◆ DATA PROVIDED
▼▼▼

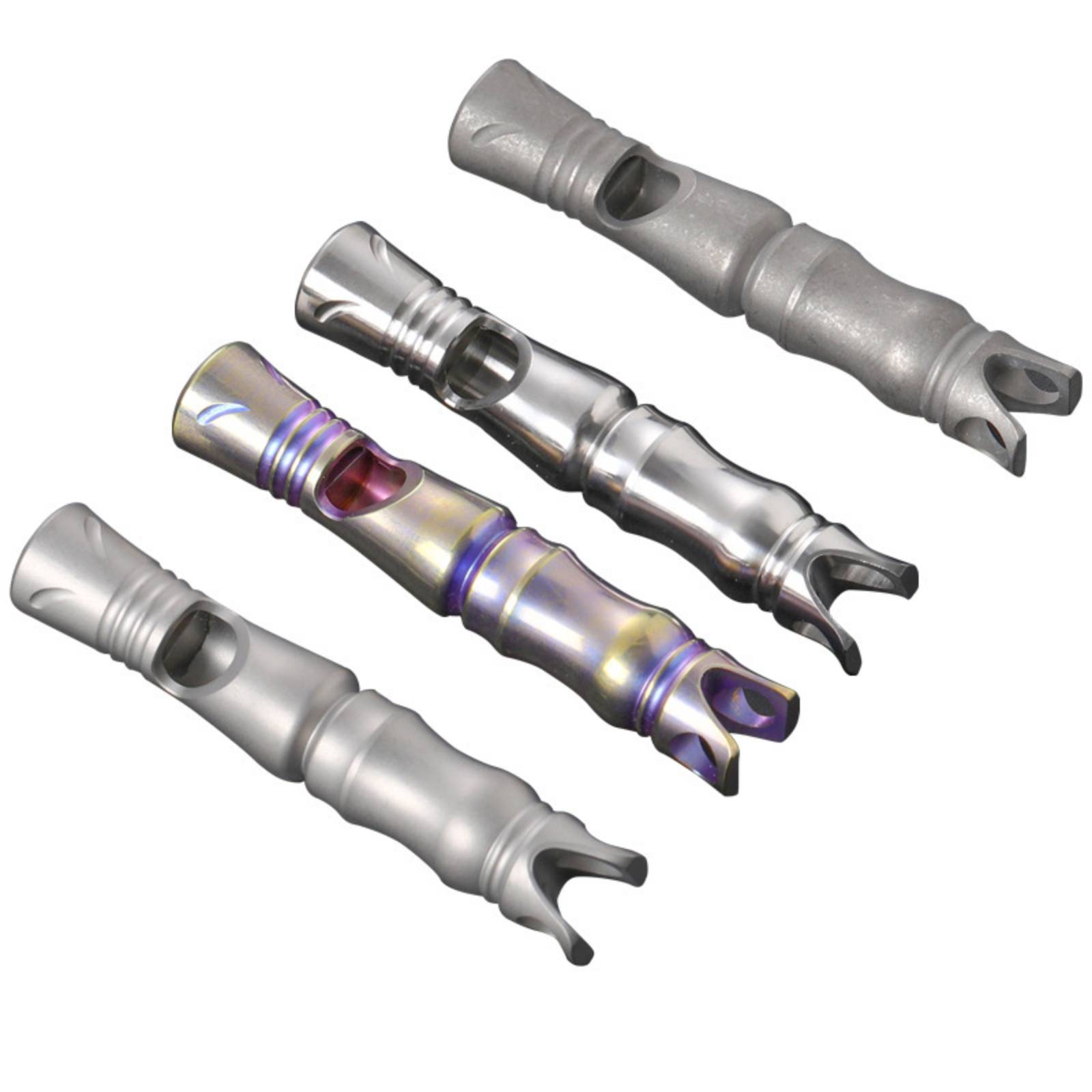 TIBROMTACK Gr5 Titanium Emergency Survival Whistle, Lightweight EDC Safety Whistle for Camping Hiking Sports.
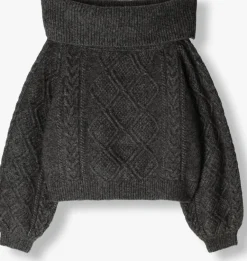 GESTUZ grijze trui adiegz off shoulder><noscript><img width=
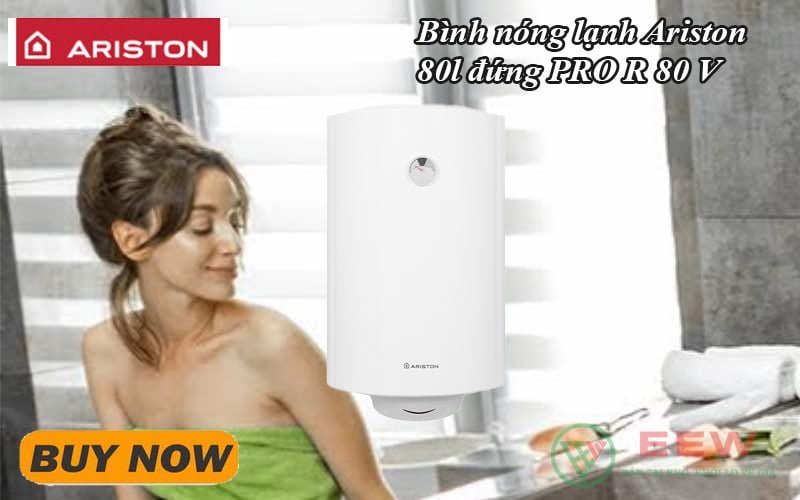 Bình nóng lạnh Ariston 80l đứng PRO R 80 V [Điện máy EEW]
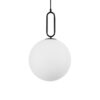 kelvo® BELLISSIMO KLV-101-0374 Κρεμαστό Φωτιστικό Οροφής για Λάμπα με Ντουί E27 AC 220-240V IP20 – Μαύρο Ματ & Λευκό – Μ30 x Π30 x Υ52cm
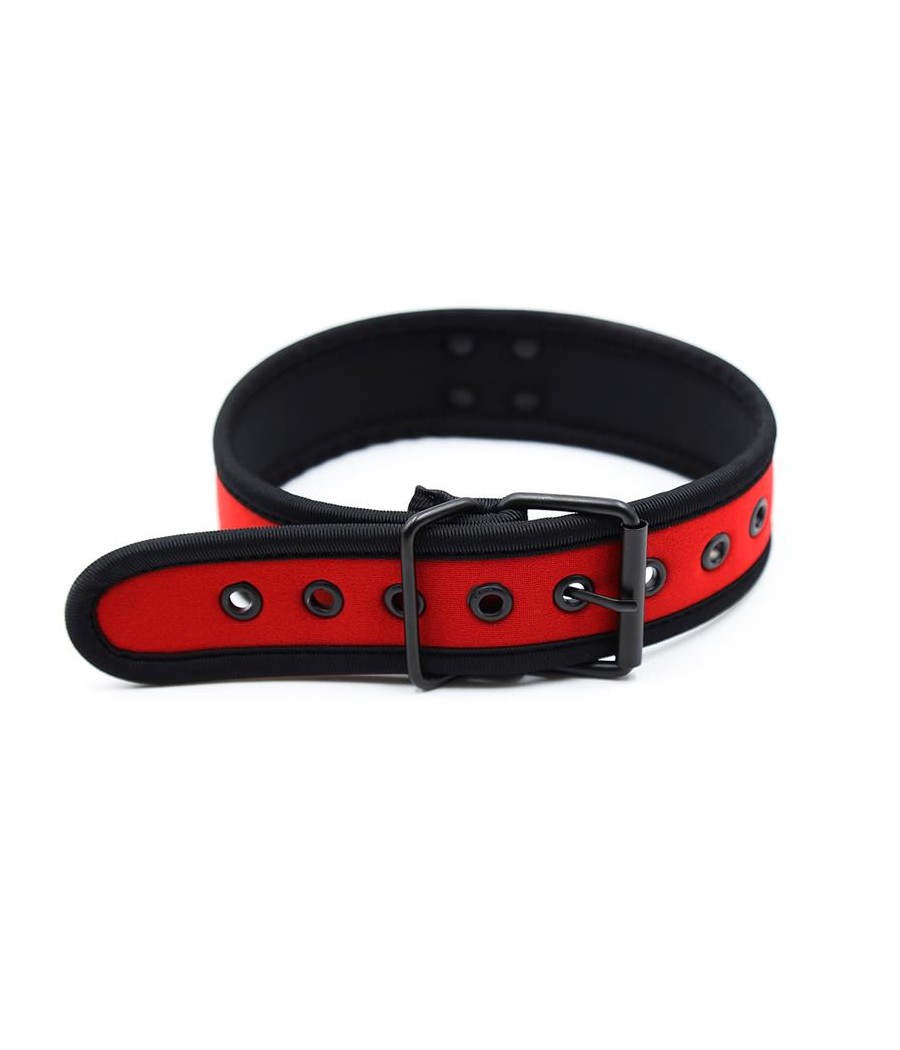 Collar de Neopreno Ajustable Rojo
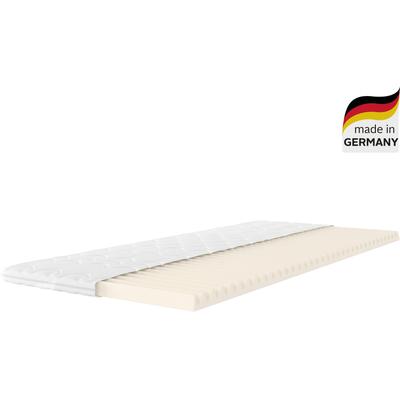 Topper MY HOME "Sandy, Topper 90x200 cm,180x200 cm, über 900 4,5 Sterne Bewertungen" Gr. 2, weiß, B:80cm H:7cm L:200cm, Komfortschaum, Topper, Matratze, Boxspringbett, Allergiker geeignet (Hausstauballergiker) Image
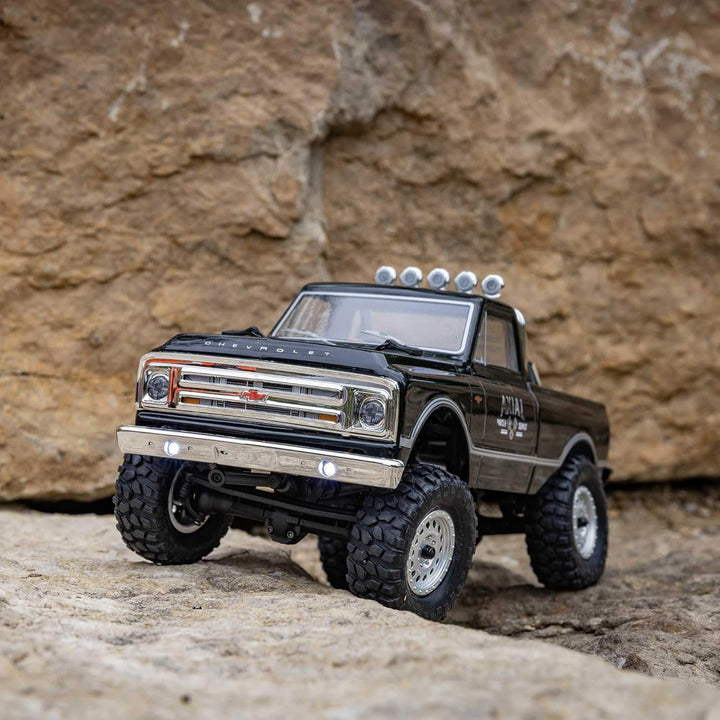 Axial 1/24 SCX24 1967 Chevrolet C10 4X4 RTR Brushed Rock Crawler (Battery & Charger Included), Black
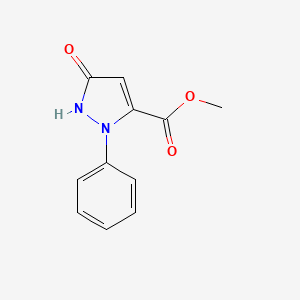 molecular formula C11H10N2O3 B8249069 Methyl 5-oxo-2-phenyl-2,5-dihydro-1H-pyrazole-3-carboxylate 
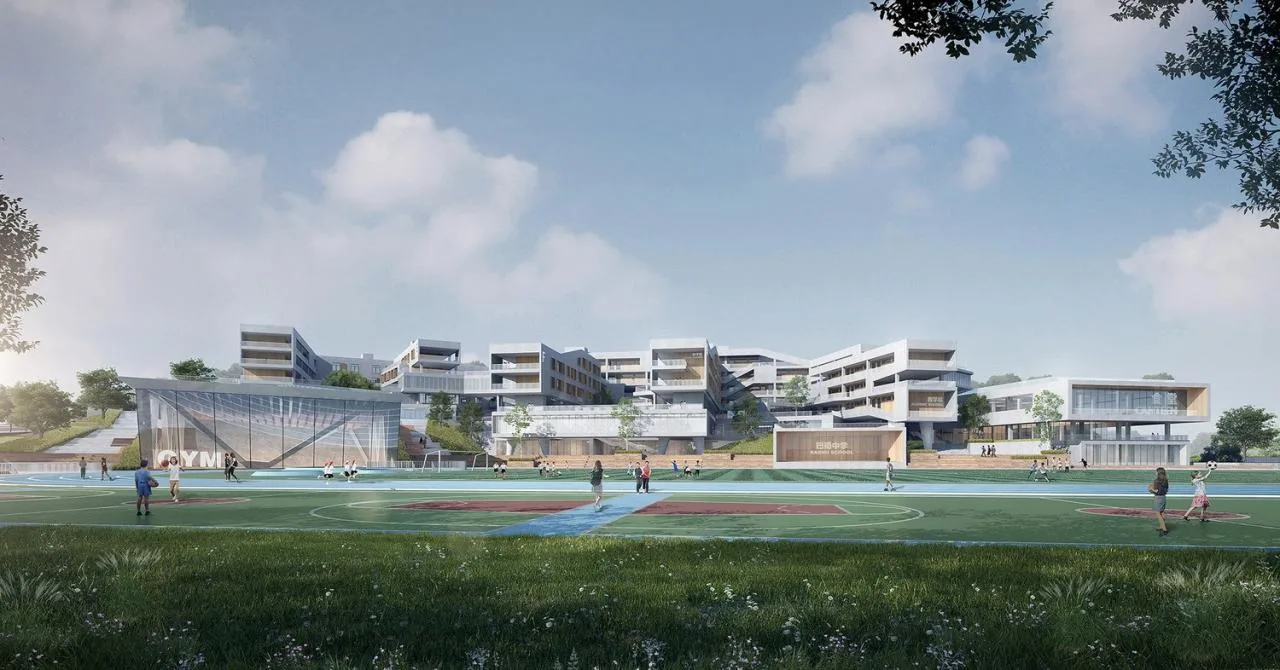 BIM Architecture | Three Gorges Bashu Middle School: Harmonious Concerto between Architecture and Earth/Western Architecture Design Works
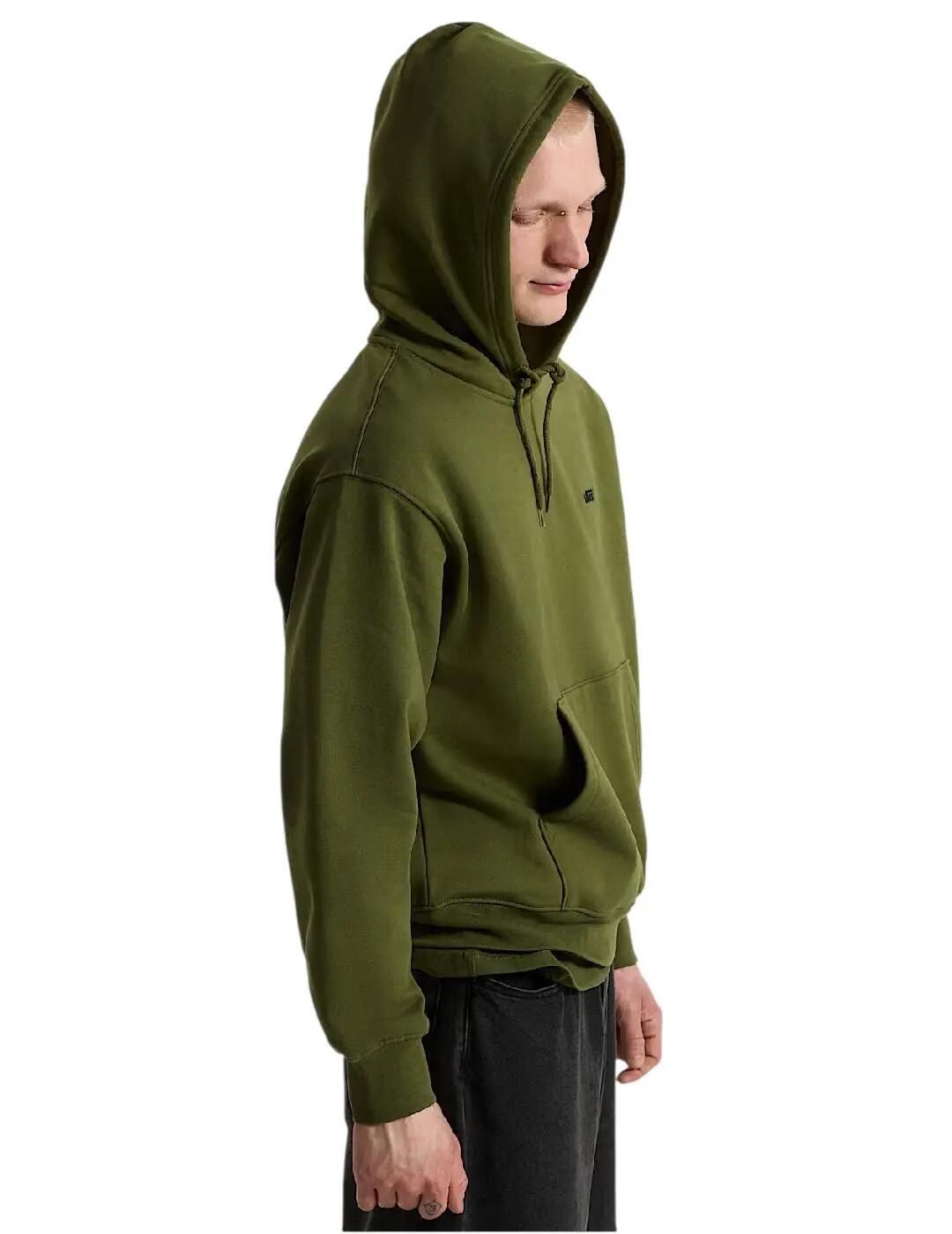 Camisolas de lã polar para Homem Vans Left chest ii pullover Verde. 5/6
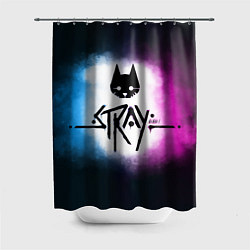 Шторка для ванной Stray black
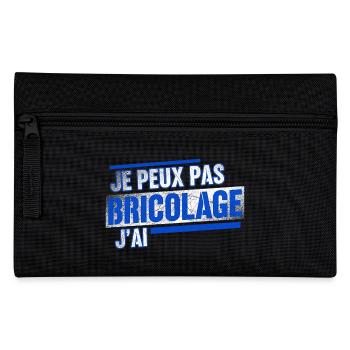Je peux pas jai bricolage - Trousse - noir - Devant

▲▲▲

◆ ASSIGNMENT
From the line that contains "Topper MY HOME" to the last line of the data, print each line exactly, both ends included, and omit the pictures.

◆ OUTPUT BELOW
 Topper MY HOME "Sandy, Topper 90x200 cm,180x200 cm, über 900 4,5 Sterne Bewertungen" Gr. 2, weiß, B:80cm H:7cm L:200cm, Komfortschaum, Topper, Matratze, Boxspringbett, Allergiker geeignet (Hausstauballergiker) Image
 Axial 1/24 SCX24 1967 Chevrolet C10 4X4 RTR Brushed Rock Crawler (Battery & Charger Included), Black
 molecular formula C11H10N2O3 B8249069 Methyl 5-oxo-2-phenyl-2,5-dihydro-1H-pyrazole-3-carboxylate 
 BIM Architecture | Three Gorges Bashu Middle School: Harmonious Concerto between Architecture and Earth/Western Architecture Design Works
 Camisolas de lã polar para Homem Vans Left chest ii pullover Verde. 5/6
 Шторка для ванной Stray black
Je peux pas jai bricolage - Trousse - noir - Devant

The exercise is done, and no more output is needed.